**What is needed**:
Your answer must be the exact lines of the listing below that run from the line with "Thumbnail 1 Lilly" to the line with "deha-d42386-pantaloni-palazzo-in-maglieria-boucl-bianco image 3", ends included, and no pictures.

**Extracted records**:
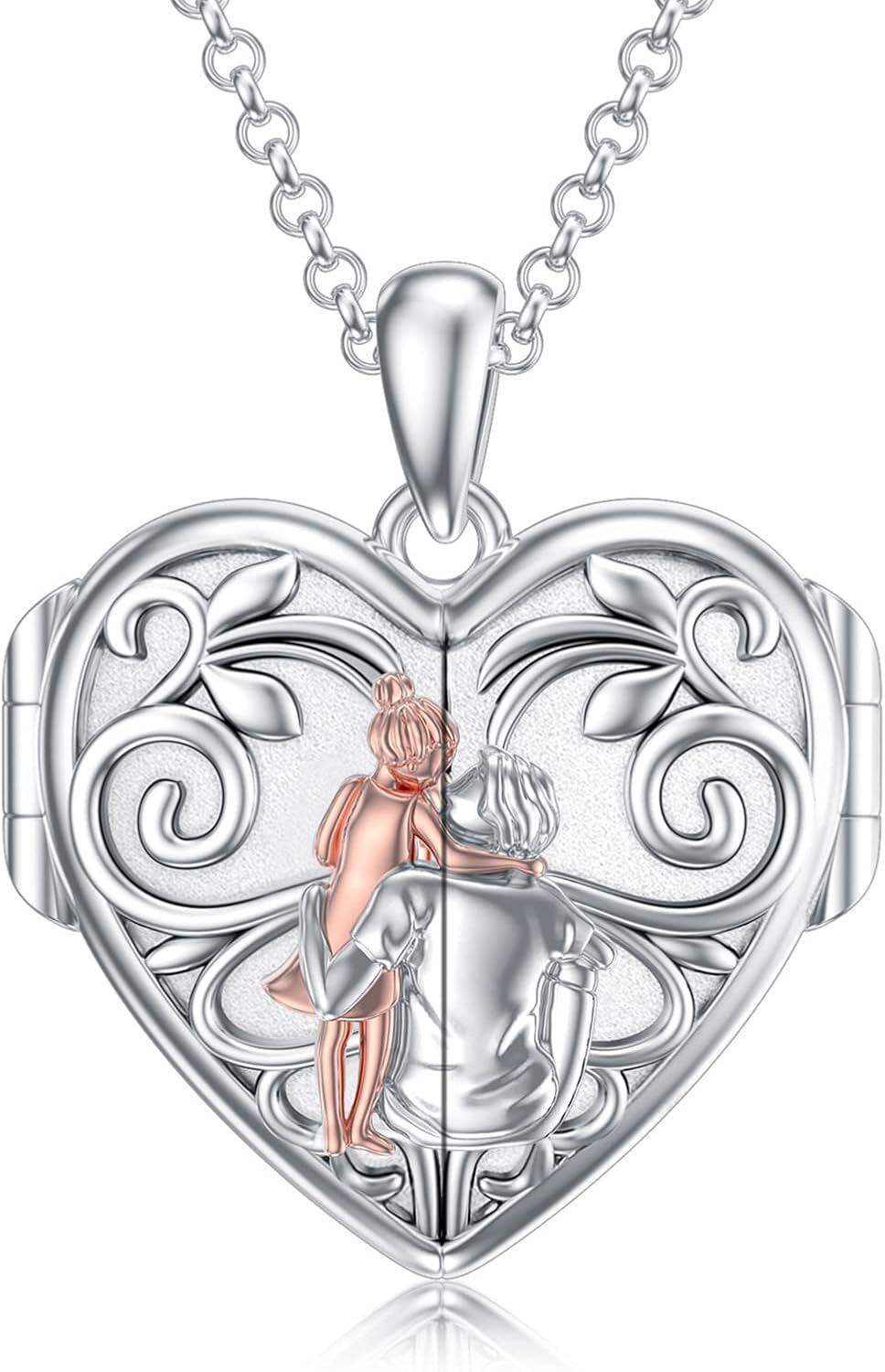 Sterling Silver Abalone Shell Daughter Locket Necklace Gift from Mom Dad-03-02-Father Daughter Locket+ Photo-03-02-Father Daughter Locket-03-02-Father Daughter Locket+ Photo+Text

--

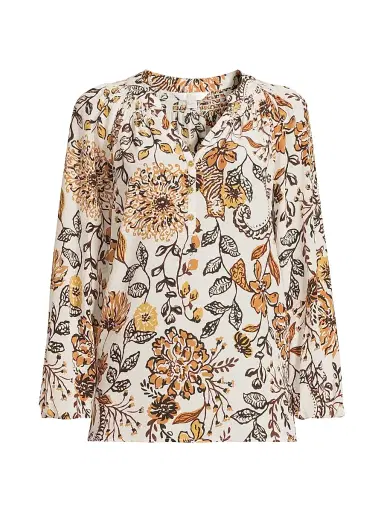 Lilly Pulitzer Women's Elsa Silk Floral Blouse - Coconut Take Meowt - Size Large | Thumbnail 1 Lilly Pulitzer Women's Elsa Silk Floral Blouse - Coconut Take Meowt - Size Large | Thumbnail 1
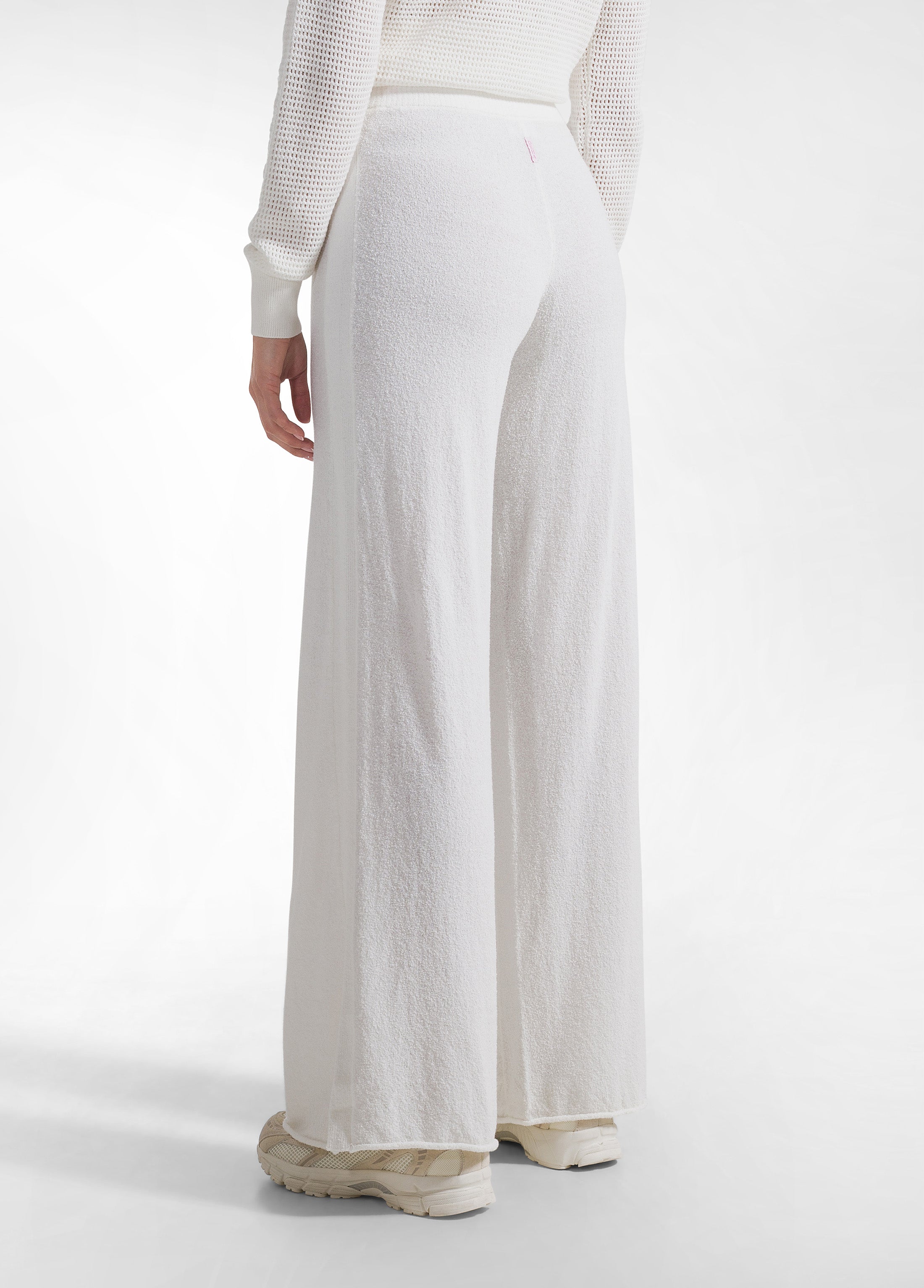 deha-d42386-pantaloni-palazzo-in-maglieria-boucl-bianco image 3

---

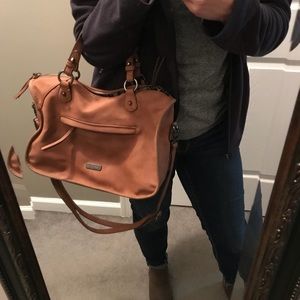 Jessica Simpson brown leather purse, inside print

**Output for this task**:
 Lilly Pulitzer Women's Elsa Silk Floral Blouse - Coconut Take Meowt - Size Large | Thumbnail 1 Lilly Pulitzer Women's Elsa Silk Floral Blouse - Coconut Take Meowt - Size Large | Thumbnail 1
 deha-d42386-pantaloni-palazzo-in-maglieria-boucl-bianco image 3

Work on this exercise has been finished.